La brisa corría finalmente y el calor ya no era un problema. Corrimos hacia el
agua, nos mojamos los pies en ella, dibujamos sobre la arena y esperamos a que
los demás llegaran. Desde lejos, los golpes de tambor nos anunciaron que ya
estaban allí. Salimos a recibirlos y formamos un círculo entre todos. Las niñas
corrieron a un rancho vecino para ponerse sus polleras. Comenzó la música y,
con ella, la danza. Los pobladores de Sabanetica se acercaron a observar, a
hacer palmas y a bailar. Mientras la brisa corría entre las faldas de las
bullerengueras, el sol se ponía sobre el horizonte. Todos cantaban en coro.
En los Montes de María
Algo se está comentando
Ahora dicen que en Colombia
La paz se vistió de blanco
En los Montes de María
La paz se vistió de blanco
En Libertad, la tierra mía
La paz se vistió de blanco
Afro Música de Libertad en las playas de Sabanetica. Fotografía: Irene Littfack |
Cuando
el sol comenzó a bajar rápidamente y a mezclarse con el mar, los niños se
pusieron sus vestidos de baño y salieron corriendo al agua. Saltaron, se
bañaron, jugaron, corrieron y cuando estuvo oscuro regresamos a Libertad. Le
pregunté a Ralán si él creía que la música ayudaba a superar el conflicto.
–Mira, la
música hace que tu corazón piense en cosas diferentes como el perdón, como la
reconciliación. La música ha permitido que se conozca la historia, que se
conozca la verdad, que los artistas del campo, de las mismas veredas del pueblo
colombiano se encarguen a través de la música de contar las historias, que el
país la conozca para que no se repita. La música nos conecta y sirve para sanar
el alma.
Antes
de irnos a la casa de Ralán, pasamos por la cena a donde Isabel. Me dieron
ganas de orinar y pregunté por el baño. En la casa de Chavela no había baño. Me
dijo que fuera atrás del corral y orinara por ahí. Le hice caso y caminé
alumbrando el camino con mi celular. Pasé por debajo de la ropa que colgaba y
llegué al sitio que me había indicado. Un niño de cuatro años estaba acurrucado
haciendo popó. Lo vi y seguí de largo. Antes de agacharme, una rana blanca
saltó cerca de mí y casi se me quitan las ganas de orinar. De pronto, vi que el
niño que estaba adelante mío se levantó y se subió la pantaloneta sin limpiarse
la cola. Pensé en cuántos niños de la casa había cargado sobre mis piernas y
había tomado de las manos. Tragué saliva. Cuando ya caminaba de vuelta, uno de
los perritos de la casa llegó al baño comunal y olfateó la mierda del niño. Luego
se la comió.
Esa
noche sí pude dormir. Me levanté temprano el domingo y con mucho calor. Fui al
baño y no había más agua en el platón. Me acordé del tanque fuera de la casa.
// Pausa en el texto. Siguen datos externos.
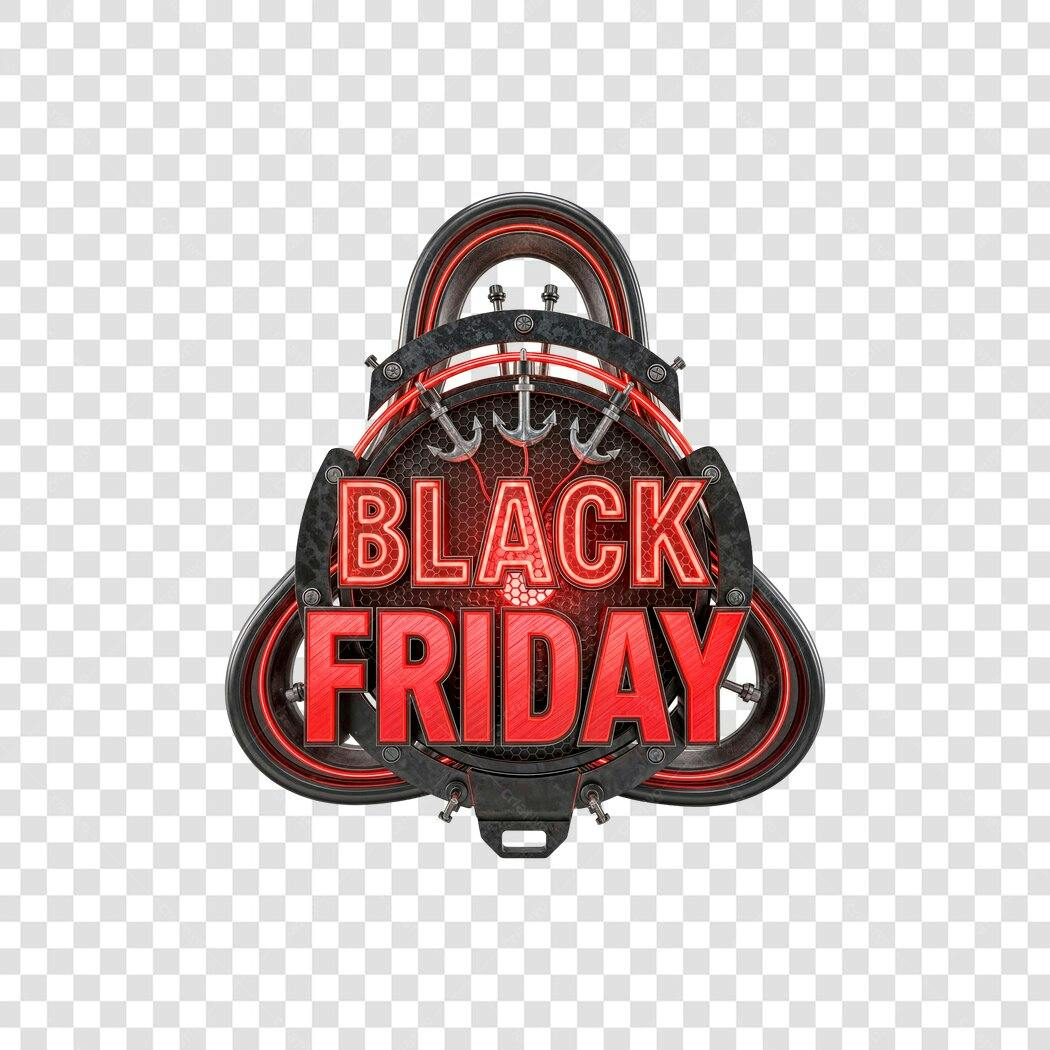 Selo Black Friday estilo industrial metálico neon PNG com fundo transparente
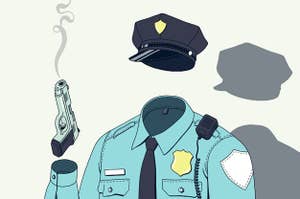 A police uniform, including a badge, walkie talkie, and peaked cap, holds up a smoking gun, but the head and hand holding the gun are absent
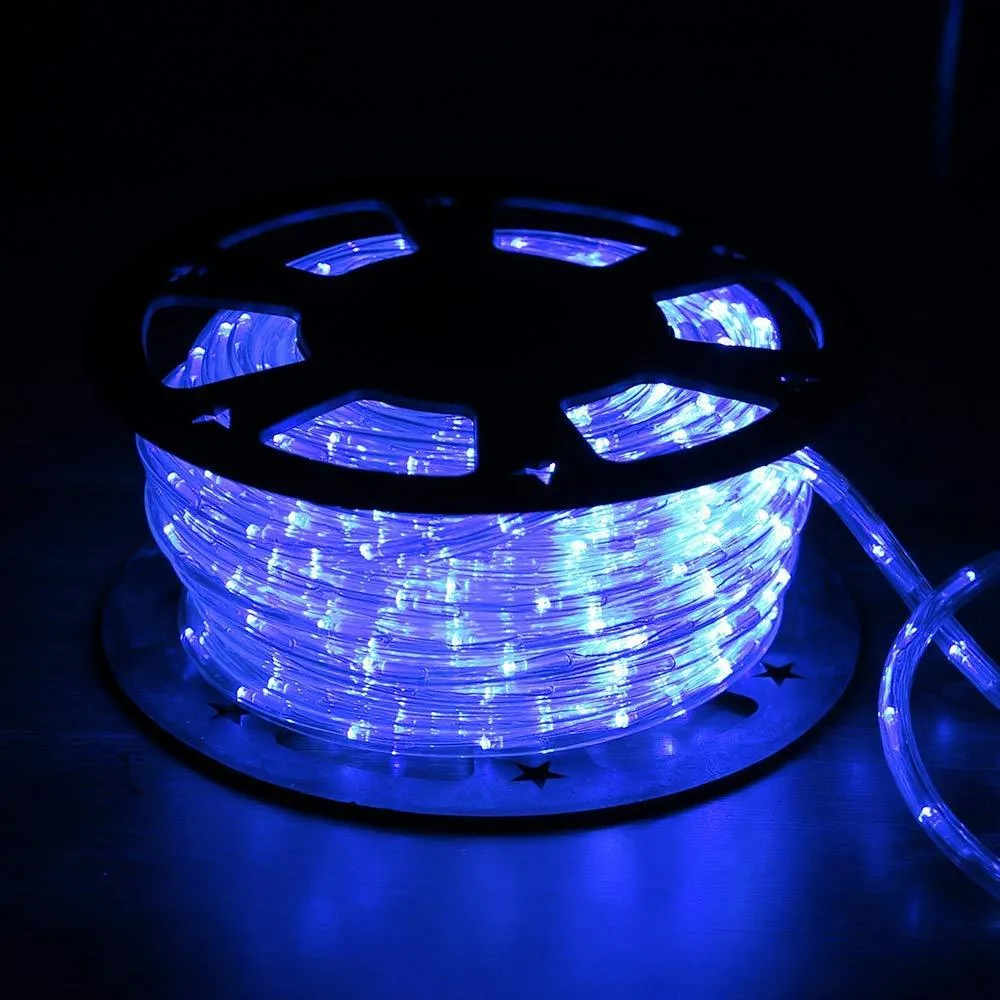 Ainfox 110V 100 Ft. 2 WireLed Rope Lights Strip Waterproof Indoor Outdoor Use for Backyard Party Christmas Thanksgiving Decoration (Blue), photo 9 of 11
Fui allí con el recipiente en las manos, lista para llenarlo, y me encontré con
una sopa de bichos, hojas, ramas, tierra y muchas larvas. De nuevo controlé una
arcada. Le dije a Mario que no me iba a bañar, que necesitaba las bolsas de
agua que nos hubieran sobrado. Me bañé la cara con una, los dientes con otra y
me recogí el pelo en una moña alta. Salimos con maletas de donde Ralán.
Desayunamos huevos pericos de las gallinas de Isabel. Antes de despedirnos de
Libertad y de todos los que nos recibieron le pregunté a Ralán qué era la paz
para él.
–¿Qué es la paz? Esa yo creo que es una
de mis preguntas favoritas. –dijo parafraseando mi pregunta mientras sonreía y
tomaba a sorbos agua de maíz– Para mí la paz no es más que un entorno donde
todos somos bienvenidos, donde todos buscamos el bien común, donde somos
felices, donde la tristeza no es ocasionada por armas. Yo digo que la paz es
amor, la paz es un entorno y es un entorno para vivirlo.
–Y ¿Qué es la música? –le pregunté.
–Para mí la música lo es todo. La
música me llena, me hace libre. Es una forma de representarnos, de identificarnos,
una forma de pedir perdón y es una forma de decirle sí a la paz.